+++ DATA RECORDS +++
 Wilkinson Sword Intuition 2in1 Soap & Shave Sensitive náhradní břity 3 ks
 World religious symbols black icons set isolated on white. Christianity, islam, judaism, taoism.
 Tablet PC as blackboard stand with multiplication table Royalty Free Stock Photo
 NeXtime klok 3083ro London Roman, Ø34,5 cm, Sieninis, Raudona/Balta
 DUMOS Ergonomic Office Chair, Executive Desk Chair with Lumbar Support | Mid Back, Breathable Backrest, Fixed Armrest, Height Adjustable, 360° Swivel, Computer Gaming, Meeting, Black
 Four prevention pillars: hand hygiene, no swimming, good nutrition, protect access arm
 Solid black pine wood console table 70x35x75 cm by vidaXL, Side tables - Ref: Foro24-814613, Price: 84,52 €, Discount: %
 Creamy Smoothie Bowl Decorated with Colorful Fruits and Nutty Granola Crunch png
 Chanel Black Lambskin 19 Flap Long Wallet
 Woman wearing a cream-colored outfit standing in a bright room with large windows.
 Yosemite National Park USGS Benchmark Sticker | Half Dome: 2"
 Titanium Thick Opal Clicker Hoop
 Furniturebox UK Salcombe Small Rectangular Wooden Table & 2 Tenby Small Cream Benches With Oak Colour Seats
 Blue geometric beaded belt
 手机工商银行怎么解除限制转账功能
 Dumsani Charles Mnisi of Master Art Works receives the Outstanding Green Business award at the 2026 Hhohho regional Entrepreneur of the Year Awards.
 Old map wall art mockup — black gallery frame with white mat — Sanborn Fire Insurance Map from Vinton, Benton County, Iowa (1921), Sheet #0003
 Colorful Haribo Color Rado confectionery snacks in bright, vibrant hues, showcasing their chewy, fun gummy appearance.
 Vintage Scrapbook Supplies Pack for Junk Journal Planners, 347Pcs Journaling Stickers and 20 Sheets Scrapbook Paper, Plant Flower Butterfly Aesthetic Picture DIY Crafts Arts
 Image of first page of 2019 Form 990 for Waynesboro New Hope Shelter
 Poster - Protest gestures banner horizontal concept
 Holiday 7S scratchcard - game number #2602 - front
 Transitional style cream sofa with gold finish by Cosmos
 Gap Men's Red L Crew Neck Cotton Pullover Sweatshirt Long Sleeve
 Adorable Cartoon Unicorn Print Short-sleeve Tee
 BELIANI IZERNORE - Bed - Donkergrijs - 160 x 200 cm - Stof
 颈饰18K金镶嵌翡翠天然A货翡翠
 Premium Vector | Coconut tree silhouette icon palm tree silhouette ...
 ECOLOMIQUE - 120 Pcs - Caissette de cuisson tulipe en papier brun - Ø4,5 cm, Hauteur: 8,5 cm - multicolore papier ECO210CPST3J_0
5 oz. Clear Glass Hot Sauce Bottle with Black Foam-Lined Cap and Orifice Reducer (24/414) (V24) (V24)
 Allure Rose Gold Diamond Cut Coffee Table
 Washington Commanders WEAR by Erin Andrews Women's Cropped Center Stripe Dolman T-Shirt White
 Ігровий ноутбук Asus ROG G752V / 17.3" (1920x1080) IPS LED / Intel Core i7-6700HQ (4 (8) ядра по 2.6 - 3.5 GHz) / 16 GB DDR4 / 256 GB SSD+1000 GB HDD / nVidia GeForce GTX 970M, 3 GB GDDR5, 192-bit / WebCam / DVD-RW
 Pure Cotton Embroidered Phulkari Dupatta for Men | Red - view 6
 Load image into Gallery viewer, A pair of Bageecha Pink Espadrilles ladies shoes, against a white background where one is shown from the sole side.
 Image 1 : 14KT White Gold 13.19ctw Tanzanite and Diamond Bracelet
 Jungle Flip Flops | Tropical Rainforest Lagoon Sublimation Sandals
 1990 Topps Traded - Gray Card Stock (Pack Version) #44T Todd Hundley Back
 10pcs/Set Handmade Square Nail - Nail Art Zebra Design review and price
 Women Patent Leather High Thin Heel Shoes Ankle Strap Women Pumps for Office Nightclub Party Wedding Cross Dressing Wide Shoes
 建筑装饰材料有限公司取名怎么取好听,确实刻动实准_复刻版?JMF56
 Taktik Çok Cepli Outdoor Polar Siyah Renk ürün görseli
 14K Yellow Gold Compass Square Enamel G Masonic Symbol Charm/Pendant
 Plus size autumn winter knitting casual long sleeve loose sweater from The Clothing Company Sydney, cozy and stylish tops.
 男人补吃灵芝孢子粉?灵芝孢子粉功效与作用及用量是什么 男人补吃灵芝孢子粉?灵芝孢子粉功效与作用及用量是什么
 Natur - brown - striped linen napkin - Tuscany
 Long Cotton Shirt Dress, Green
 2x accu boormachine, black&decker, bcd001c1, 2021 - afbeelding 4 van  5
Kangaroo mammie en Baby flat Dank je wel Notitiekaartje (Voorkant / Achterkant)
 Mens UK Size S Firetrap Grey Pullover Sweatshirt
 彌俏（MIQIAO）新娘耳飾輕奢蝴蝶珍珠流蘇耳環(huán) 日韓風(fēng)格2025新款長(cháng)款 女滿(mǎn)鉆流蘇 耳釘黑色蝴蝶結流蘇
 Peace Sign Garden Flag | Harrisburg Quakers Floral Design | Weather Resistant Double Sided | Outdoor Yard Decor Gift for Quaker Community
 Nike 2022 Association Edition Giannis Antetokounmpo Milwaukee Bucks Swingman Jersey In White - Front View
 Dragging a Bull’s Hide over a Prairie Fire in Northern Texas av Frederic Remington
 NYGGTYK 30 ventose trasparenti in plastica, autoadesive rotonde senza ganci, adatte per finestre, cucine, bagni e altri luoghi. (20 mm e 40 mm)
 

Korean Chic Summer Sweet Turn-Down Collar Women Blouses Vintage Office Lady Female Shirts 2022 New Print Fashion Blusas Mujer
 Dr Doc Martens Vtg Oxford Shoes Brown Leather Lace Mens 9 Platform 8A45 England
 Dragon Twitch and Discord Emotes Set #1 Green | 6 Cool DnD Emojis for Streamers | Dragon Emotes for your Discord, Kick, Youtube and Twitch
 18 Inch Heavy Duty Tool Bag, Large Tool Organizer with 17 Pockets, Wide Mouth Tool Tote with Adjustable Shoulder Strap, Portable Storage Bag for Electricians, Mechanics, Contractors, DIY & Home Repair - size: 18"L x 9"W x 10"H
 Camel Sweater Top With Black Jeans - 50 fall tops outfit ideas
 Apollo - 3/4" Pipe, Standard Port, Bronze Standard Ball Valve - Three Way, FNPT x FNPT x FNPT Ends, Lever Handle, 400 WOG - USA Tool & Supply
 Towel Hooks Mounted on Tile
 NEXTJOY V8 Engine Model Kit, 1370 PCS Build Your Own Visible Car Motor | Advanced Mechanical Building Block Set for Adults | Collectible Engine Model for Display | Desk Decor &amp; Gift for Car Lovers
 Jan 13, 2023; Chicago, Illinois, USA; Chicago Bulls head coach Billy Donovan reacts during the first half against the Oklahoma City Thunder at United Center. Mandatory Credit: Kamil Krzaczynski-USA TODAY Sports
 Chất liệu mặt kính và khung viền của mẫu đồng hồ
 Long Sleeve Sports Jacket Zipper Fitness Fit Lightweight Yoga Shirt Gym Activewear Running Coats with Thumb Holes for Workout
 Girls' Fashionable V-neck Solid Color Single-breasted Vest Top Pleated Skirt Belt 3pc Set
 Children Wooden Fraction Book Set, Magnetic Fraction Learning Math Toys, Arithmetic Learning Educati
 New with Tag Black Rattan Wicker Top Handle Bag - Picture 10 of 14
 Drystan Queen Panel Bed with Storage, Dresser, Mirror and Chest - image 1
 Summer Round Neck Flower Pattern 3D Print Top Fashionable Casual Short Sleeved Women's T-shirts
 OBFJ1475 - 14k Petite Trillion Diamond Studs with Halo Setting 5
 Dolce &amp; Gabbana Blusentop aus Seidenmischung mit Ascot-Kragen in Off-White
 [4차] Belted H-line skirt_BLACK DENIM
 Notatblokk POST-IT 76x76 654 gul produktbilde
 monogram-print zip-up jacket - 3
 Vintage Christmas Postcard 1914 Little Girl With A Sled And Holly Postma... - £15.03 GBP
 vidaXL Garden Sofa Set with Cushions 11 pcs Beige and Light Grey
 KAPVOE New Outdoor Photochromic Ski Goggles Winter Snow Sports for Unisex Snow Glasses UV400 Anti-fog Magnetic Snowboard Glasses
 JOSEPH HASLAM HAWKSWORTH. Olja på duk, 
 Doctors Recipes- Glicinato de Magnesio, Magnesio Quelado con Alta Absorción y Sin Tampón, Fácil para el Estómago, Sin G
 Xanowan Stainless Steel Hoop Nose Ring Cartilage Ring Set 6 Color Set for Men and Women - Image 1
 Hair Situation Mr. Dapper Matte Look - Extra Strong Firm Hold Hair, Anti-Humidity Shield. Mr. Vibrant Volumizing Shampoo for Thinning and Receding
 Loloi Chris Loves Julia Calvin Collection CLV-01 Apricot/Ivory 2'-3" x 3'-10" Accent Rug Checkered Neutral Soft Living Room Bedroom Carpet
+++
_WHAT THE TASK ASKS_:
Scan the records above for the string "Garden", then copy each line where it turns up.

_RESULT_:
 Peace Sign Garden Flag | Harrisburg Quakers Floral Design | Weather Resistant Double Sided | Outdoor Yard Decor Gift for Quaker Community
 vidaXL Garden Sofa Set with Cushions 11 pcs Beige and Light Grey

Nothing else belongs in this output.